### TO DO
Could you restate the entries below word for word and leave the images out?
------ THE DATA
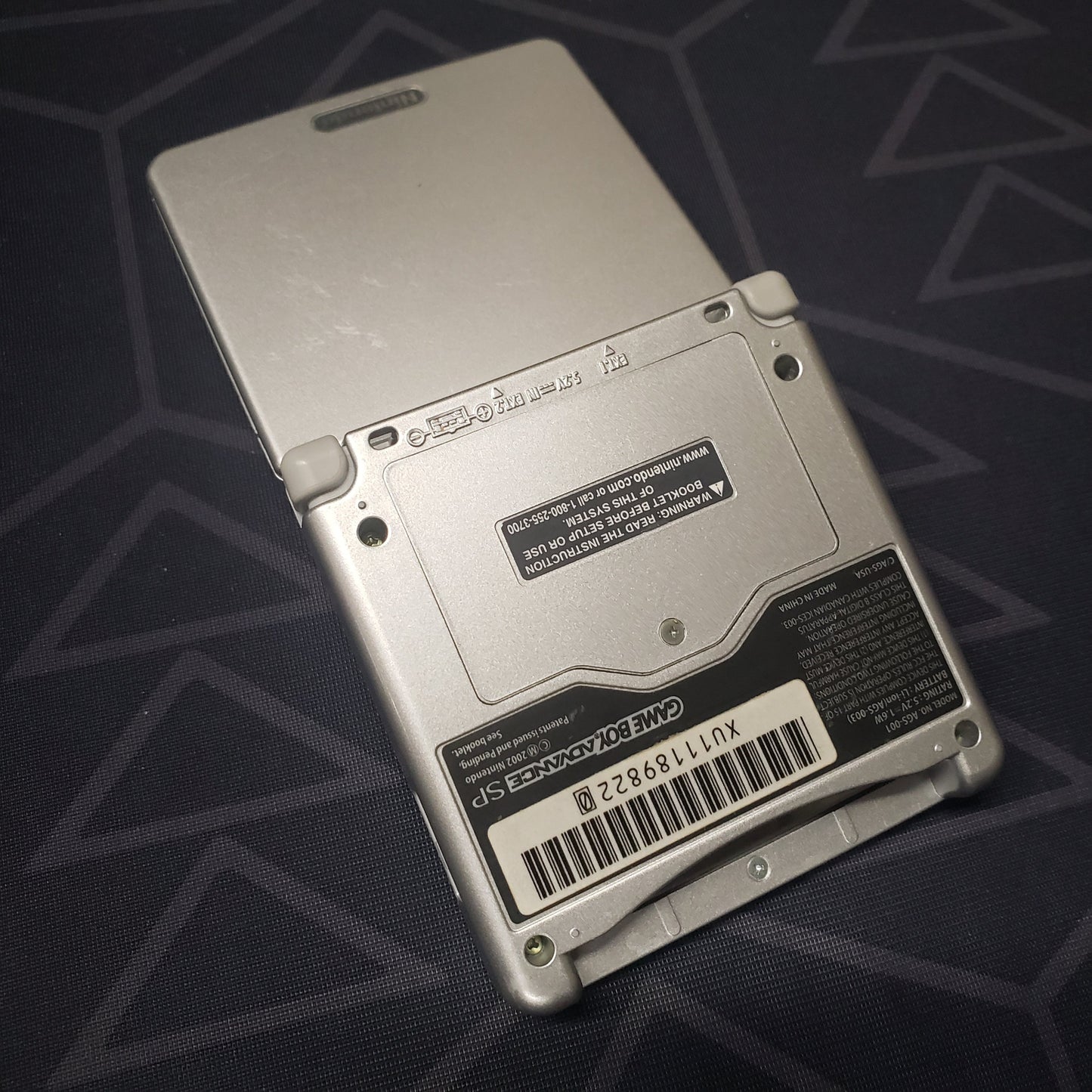 Image shows the back of a platinum Nintendo Game Boy Advance SP gaming console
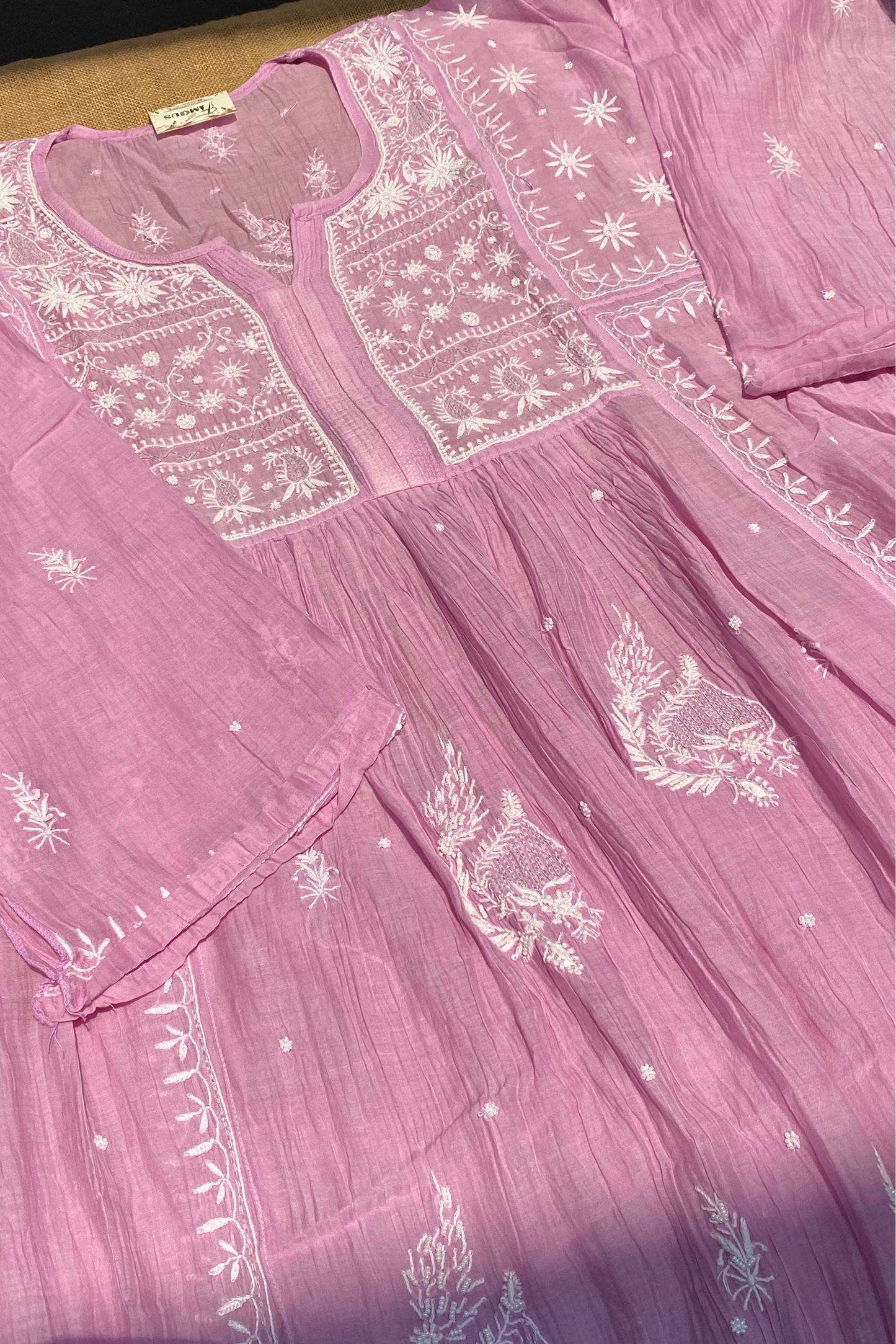 Pink dress with white embroidery on a wooden surface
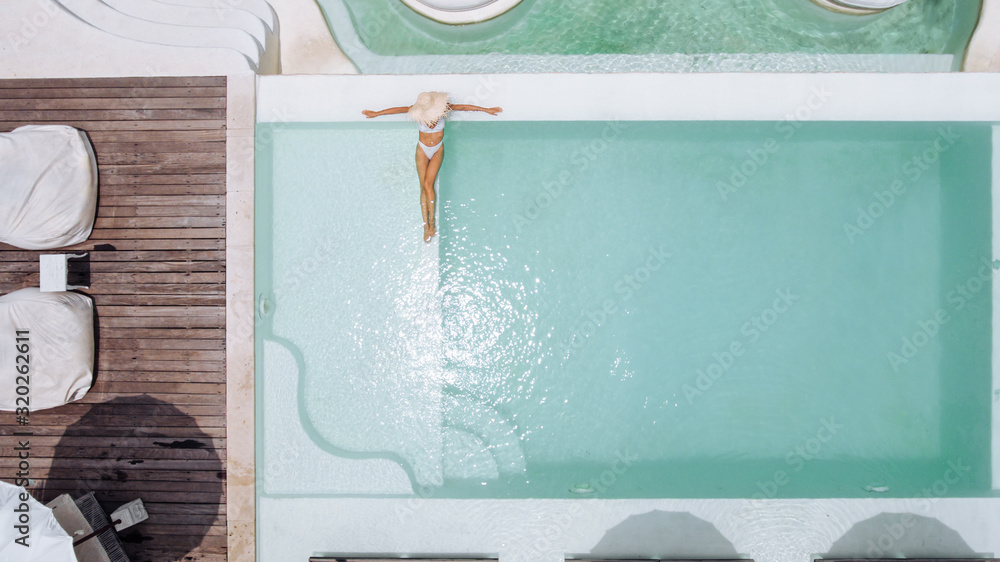 Φωτογραφία Woman in straw hat relaxing in clear pool water in hot sunny day on Bali villa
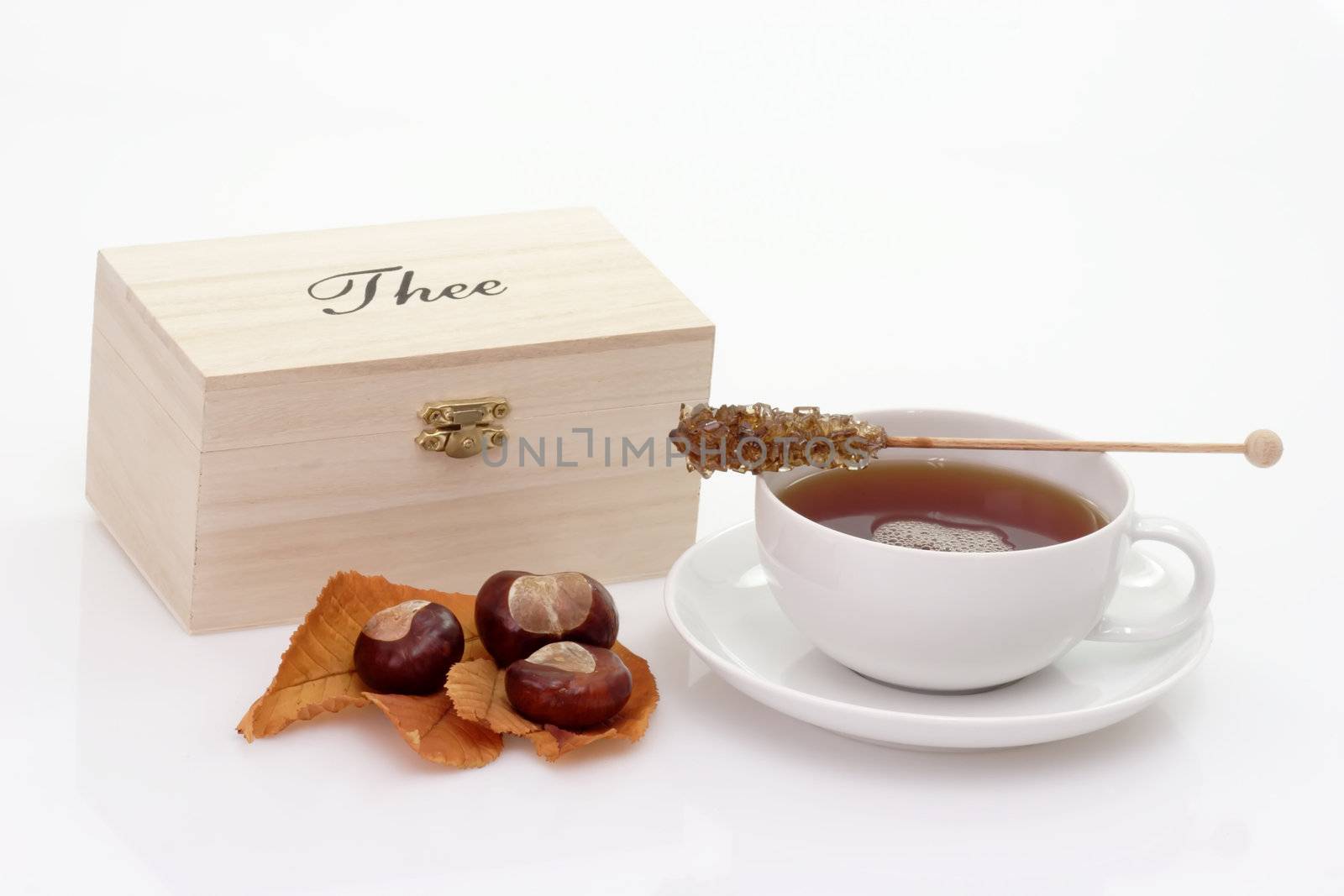 A Cup of tea and a wooden box with on bright background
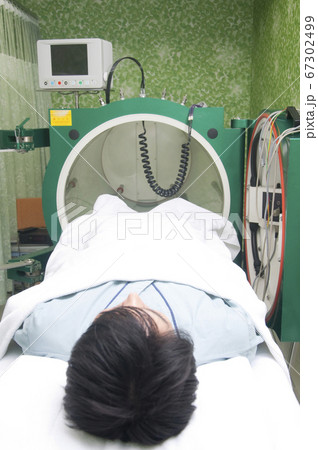 酸素カプセルに入る男性 67302499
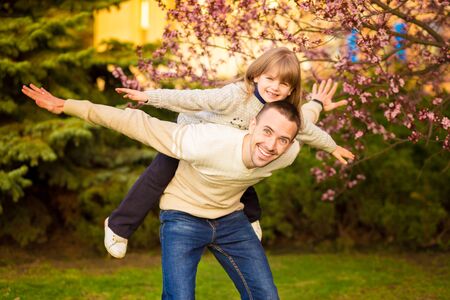 Happy father and child spending time outdoors. Lets fly. Family supportの写真素材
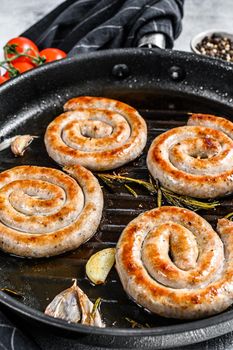 Homemade Spiral grilled sausage with spices and herbs. Gray background. Top view.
------------
### RESULT OF THIS EXERCISE
 Image shows the back of a platinum Nintendo Game Boy Advance SP gaming console
 Pink dress with white embroidery on a wooden surface
 Φωτογραφία Woman in straw hat relaxing in clear pool water in hot sunny day on Bali villa
 A Cup of tea and a wooden box with on bright background
 酸素カプセルに入る男性 67302499
 Happy father and child spending time outdoors. Lets fly. Family supportの写真素材
 Homemade Spiral grilled sausage with spices and herbs. Gray background. Top view.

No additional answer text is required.